What factors should I consider when thinking about merging with another business?
I was approached by another early stage craft business about combining our businesses. It would be great to work with someone else, but I am not sure how to value my business and how to structure such an arrangement. I'd appreciate hearing from others who have been in this situation or who have any experience with such mergers.
Work on 1 pilot project as a trial before a more permanent commitment is considered. To be in an exposition or fair together could be the perfect venue. Never refer as your colleague as your partner. In some States this is considered a binding contract. Each of you should have an independent evaluation of your business from an impartial CPA. Think about the pros and cons very carefully before making a decision.. Beverly Kennedy, WBZT,COM or IHEART RADIO, Mon & Sat. 6-8 pm., editor in chief and host of LIFESTYLES MAGAZINE RADIO
I'd find out who would actually be in charge of the business and what your role if any would be, as well as if you'd need to sign a do not compete agreement.
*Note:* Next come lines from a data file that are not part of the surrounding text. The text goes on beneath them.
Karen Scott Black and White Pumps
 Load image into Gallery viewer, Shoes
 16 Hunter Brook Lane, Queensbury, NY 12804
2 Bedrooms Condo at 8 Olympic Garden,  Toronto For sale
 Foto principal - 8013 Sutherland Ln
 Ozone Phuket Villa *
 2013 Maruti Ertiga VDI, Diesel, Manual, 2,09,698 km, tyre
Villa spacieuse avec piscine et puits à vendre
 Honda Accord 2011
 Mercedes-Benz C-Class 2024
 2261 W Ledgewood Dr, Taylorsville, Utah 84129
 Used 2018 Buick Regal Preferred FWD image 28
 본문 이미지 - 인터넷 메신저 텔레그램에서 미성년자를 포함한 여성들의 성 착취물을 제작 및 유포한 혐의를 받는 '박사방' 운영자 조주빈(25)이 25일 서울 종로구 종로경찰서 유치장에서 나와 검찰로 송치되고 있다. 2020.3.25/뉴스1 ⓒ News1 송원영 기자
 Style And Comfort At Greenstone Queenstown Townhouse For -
First of all there is no such thing as a merger. There is only a take-over. One party to a transaction will always emerge as the "boss", however the language is dressed up. If you are confident that is you and everything else lines up then go ahead, but if you have doubts don't think about it any further.
Ask yourself these questions:
1. What is in this for me? Can the proposer bring something to your business that you don't already have or which you could not get by simply working with that person on joint projects? An example might be offices or a workshop. You could simply share and pay rent, no need to merge.
2. Do you like this person, and how well do you know them? You need to be able to get along, have common values etc to be successful in business. It is not dissimilar to marriage so all the same rules apply. Be sure you really know the person before you commit.
3. Can we collaborate to mutual advantage without merging? If the answer is yes, then this is a wise way to go. It allows you to work together with much less risk and potentially ALL of the benefits.
Hope this is helpful.
As someone who has gone through this three times and been badly burned every time ...be Very sure this is something you want to do. There is a fine line between combining businesses and hostile take-overs!
The top non-negotiable criteria for now are - do they match our values and what type of culture do they have? And you need to be real specific about both. Do you have your own values and culture documented? Is everyone in your business living those guiding principles? Does the other company have them documented and living them? Are they all about the money? Or is leaving a legacy more important?
If you want to work with someone else, look into turning your business into an employee-owned one, also known as a worker cooperative. Just as much work as a merger, but maybe with a better outcome if you have the right staff already.
Start with a joint venture, wait 6 months, and start negotiating a merger within an additional 6 months if it's still all fun after the first 6 months.
Having been done a number of M&A gigs, I can assure you that you have already received a great deal of good advice on a number of areas that are in consideration. Perhaps reducing it to:
WOULD YOU MARRY SOMEONE THIS SOON, BECAUSE THERE IS A PROPOSAL?
this is an equally consuming relationship.
Hi Jen, There is a lot more to evaluating a business proposition than merely considering the initial 'proposal." As a Business Broker I am involved in mergers, strategy and appraisals on a daily basis. More than happy to talk to you about it and provide some pointers through the maze.
Jen, in reading the many responses to your question, I especially took note of those by Kyle Restoule and Andrew Marks. This is because they touch on the behavioural side of the merger and I do a lot of behavioural consulting for large and small firms. While they rightly focus on the personalities/likes/dislikes of the two merging owners, I would expand that focus to the organizational cultures. For example, regardless of how compatible the CEOs of Apple and IBM might be, the loose fit "creative" culture of Apple would never tolerate the "black suit" stiff control of an IBM...The question then become not how do we merge, but how do we integrate to create a best of both.
There are multiple criteria to consider. Firstly, do you want to continue working in the "merged" business? Is the bidder trying to buy you? Typically there are three scenarios -
1) offer fair market value (FMV) - entrepreneurial mode
In this mode, it takes about 6-18 months to close and the owner (seller) is usually out of the decision making role
2) below fair market value - i like to call them vulture capitalist
Take a bouts 0-6 months to close and the seller is relegated to a role of servitude
3) Above FMV - would be a strategic buyer
Takes about 18-36 months and the seller is usually in golden handcuffs
For a business partner you would need to consider the personality and of course be able to trust this person. A business coach might be able to help with the merger, at the same time be the trusted advisor you need till you are able to establish a trusting relationship with your partner. As far as appraisals are considered, you can always reach out to industry experts on valuing your firm. Please note, i am not trying to sell my services here.
What is the added-value? Can you trust your new partner(s)?